NOT FOR DISTRIBUTION TO UNITED STATES NEWS WIRE SERVICES OR FOR DISSEMINATION IN THE UNITED STATES
TORONTO, ON (March 22, 2021) Maritime Resources Corp. (TSXV: MAE) (“Maritime” or the “Company”) is pleased to announce that it has completed its previously announced brokered private placement (the “Offering”) of 38,500,000 common shares on a “flow-through” basis (the "FT Shares") at a price of $0.1794 per FT Share for gross proceeds of $6,906,900, including the full exercise of the Agents’ over-allotment option.
The Offering was completed by a syndicate of agents led by Canaccord Genuity Corp. (“Canaccord”) and including Dundee Goodman Merchant Partners, a division of Goodman & Company, Investment Counsel Inc., Sprott Capital Partners LP and iA Private Wealth Inc. (collectively, the “Agents”). In connection with the closing of the Offering, the Company paid to the Agents a cash fee of 6% of the aggregate gross proceeds raised pursuant to the Offering and has issued to the Agents an aggregate of 2,310,000 non-transferable compensation warrants (“Compensation Warrants”), with each Compensation Warrant being exercisable into one Common Share at a price of $0.1794 per Common Share until March 22, 2023.
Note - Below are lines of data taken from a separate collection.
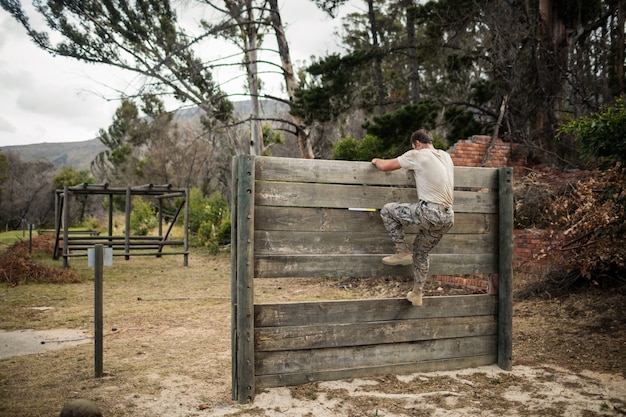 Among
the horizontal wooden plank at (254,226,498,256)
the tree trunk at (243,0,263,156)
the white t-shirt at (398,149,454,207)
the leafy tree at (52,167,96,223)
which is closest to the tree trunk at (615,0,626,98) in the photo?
the horizontal wooden plank at (254,226,498,256)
An amount equal to the gross proceeds from the sale of the FT Shares will be used to incur "qualifying expenditures" (as defined in the Income Tax Act (Canada)) on the Company's mineral properties in Newfoundland and Labrador.
The securities issued in connection with the Offering are subject to a standard four month and one day hold period expiring July 23, 2021. Completion of the Offering is subject to final acceptance by the TSX Venture Exchange (the “Exchange”).
This news release does not constitute an offer to sell or a solicitation of an offer to buy any of the securities in the United States of America. The securities have not been and will not be registered under the United States Securities Act of 1933 (the "1933 Act") or any state securities laws and may not be offered or sold within the United States or to U.S. Persons (as defined in the 1933 Act) unless registered under the 1933 Act and applicable state securities laws, or an exemption from such registration is available.
About Maritime Resources Corp.:
Maritime holds a 100% interest, directly and subject to option agreements entitling it to earn 100% ownership, in the Green Bay Property, including the former Hammerdown gold mine and the Orion gold project plus the Whisker Valley exploration project, all located in the Baie Verte Mining District and the town of King’s Point, Newfoundland and Labrador. The Hammerdown Gold Project is characterized by near-vertical, narrow mesothermal quartz veins containing gold associated with pyrite. Hammerdown was last operated by Richmont Mines between 2000-2004.
On Behalf of the Board
MARITIME RESOURCES CORP.
1900-110 Yonge St., Toronto, ON M5C 1T4
For further information, please contact:
President and CEO
Caution Regarding Forward Looking Statements:
Certain of the statements made and information contained herein is “forward-looking information” within the meaning of National Instrument 51-102, Continuous Disclosure Obligations of the Canadian Securities Administrators. These statements and information are based on facts currently available to the Company and there is no assurance that actual results will meet management's expectations. Forward-looking statements and information may be identified by such terms as "anticipates", "believes", "targets", "estimates", "plans", "expects", "may", "will", "could" or "would". This includes the use of proceeds of the Offering, our expectations and assumptions that we will expend sufficient Qualifying Expenditures and within the permitted period, receipt of all regulatory approvals for the Offering including from the Exchange. While the Company considers its assumptions to be reasonable as of the date hereof, forward-looking statements and information are not guarantees of future performance and readers should not place undue importance on such statements as actual events and results may differ materially from those described herein. There can be no assurance that such information will prove to be accurate, as actual results and future events could differ materially from those anticipated in such information. Accordingly, readers should not place undue reliance on forward-looking information. All forward-looking information contained in this press release is given as of the date hereof, and is based on the opinions and estimates of management and information available to management as of the date hereof. The Company disclaims any intention or obligation to update or revise any forward-looking information, whether as a result of new information, future events, or otherwise, except as may be required by applicable securities laws.
Neither Exchange nor its Regulation Services Provider (as that term is defined in the policies of the Exchange) accepts responsibility for the adequacy or accuracy of this release.